Gosh, I must be getting old!!! I just went back and looked at your posts and now remember the bird we are talking about!! I even went and got my husband and showed him the pictures and everything! What a nitwit I am!


----------



## RaeBeth (Feb 26, 2007)

Not a nitwit at all....there's quite a few birds to keep track of on here! 
Watertown is pretty close to me. Manchester is the 2nd closest, and I'm not sure where the others are. If someone there can take her, I will gladly drive her to her new home. THANK YOU SO MUCH!!!!!!!


----------



## Lovebirds (Sep 6, 2002)

I'll make some phone calls and see what I can find out. It might be Sunday or Monday before I'm able to do that. I've got to go down to NC tomorrow and will be gone most of the day. I'll let you know as soon as I know anything. In the meantime, if anyone else offers to take her and give her a good home, then go with it.
Can you send me your phone number by Private Message, so that if I do find someone, they can get in contact with you? Or you can e-mail it to [email protected]


----------



## Lovebirds (Sep 6, 2002)

Raebeth....
There is a couple in Watertown, TN. Ralph and Sharon Williams. I was just told by one of their club members that they do have rollers and may possibly take your bird and give it a home. Here is their phone number. 615-237-3732Give it about 30 minutes and try calling them. The club member I just spoke to was going to call and let them know that you might call them. Good luck. Let us know if it works out.


----------



## RaeBeth (Feb 26, 2007)

*Thank you!*

I just talked to her...THANK YOU SO MUCH!!!!!!!!!!!!!  

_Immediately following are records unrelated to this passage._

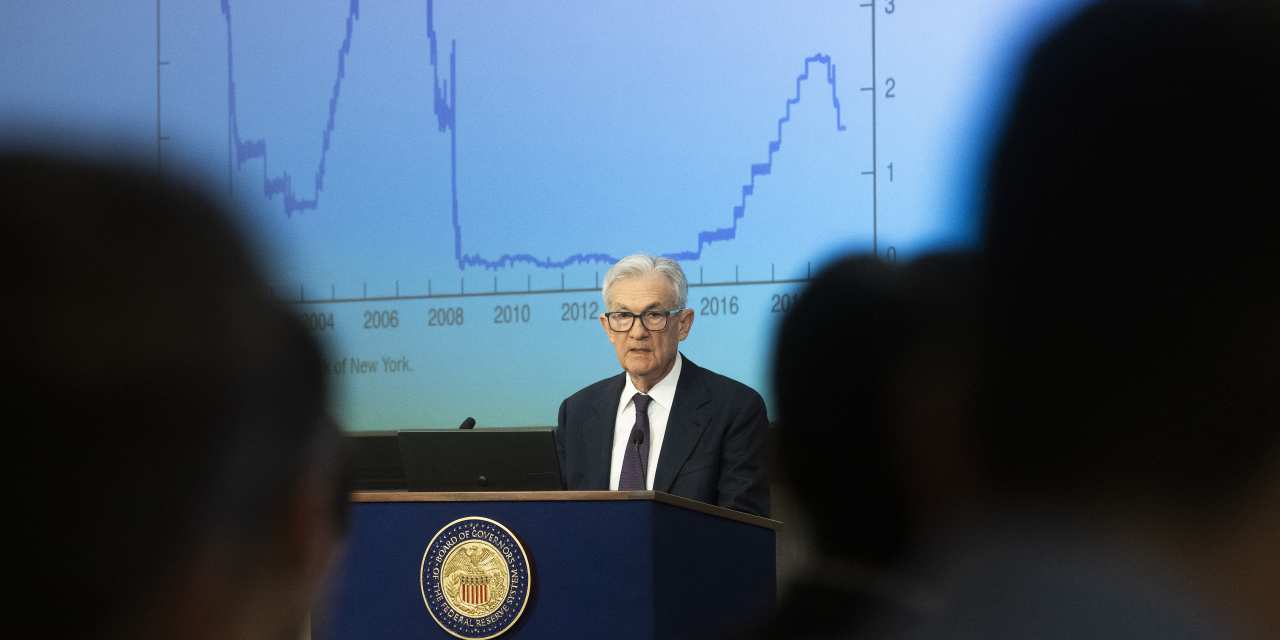 Fed Is Mindful of Potential Tension Between Inflation and Employment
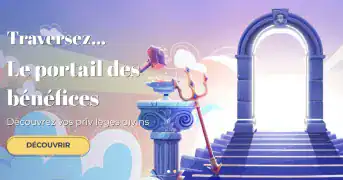 Сasino Olympe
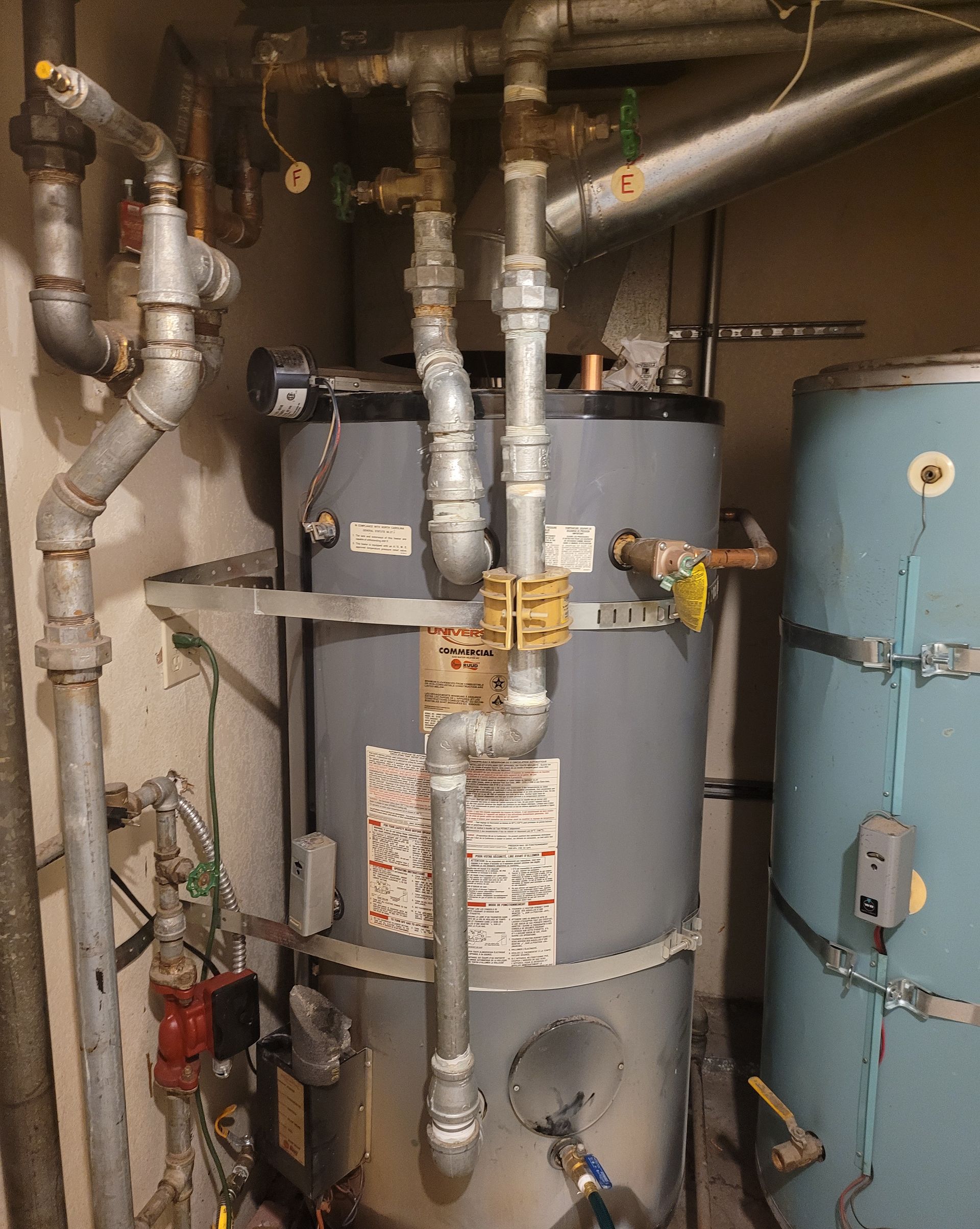 Bathroom Remodelers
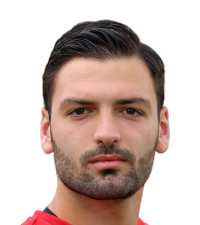 Dimitros Katsimitros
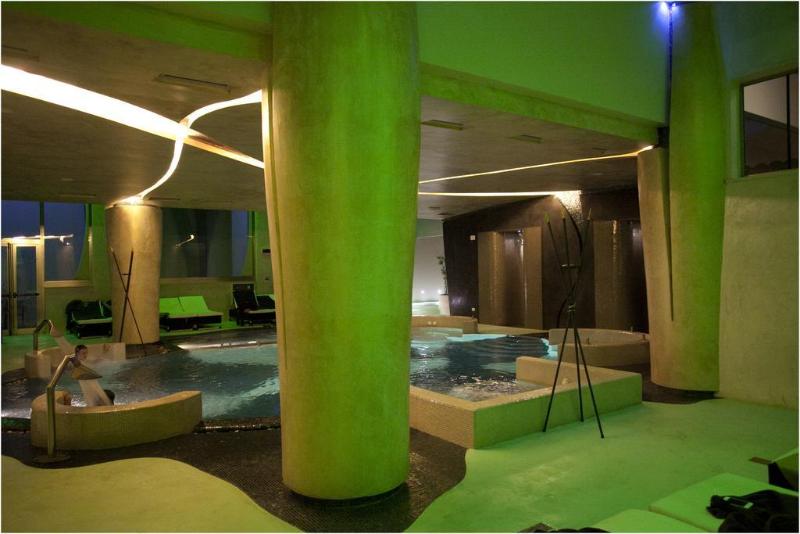 هتل Visir Resort Spa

I am so happy that I'm going to be able to turn Dixie over to someone that I KNOW will take care of her...thank you, from the bottom of my heart!!

(And Haillie, the cat, thanks you too! She hasn't quite recovered from losing her sunroom to something with feathers  )


----------



## Lovebirds (Sep 6, 2002)

Well, you are quite welcome. I'm VERY glad that it worked out. I'm sure that Dixie loves you and your husband, but she really will be much happier with her own kind.


----------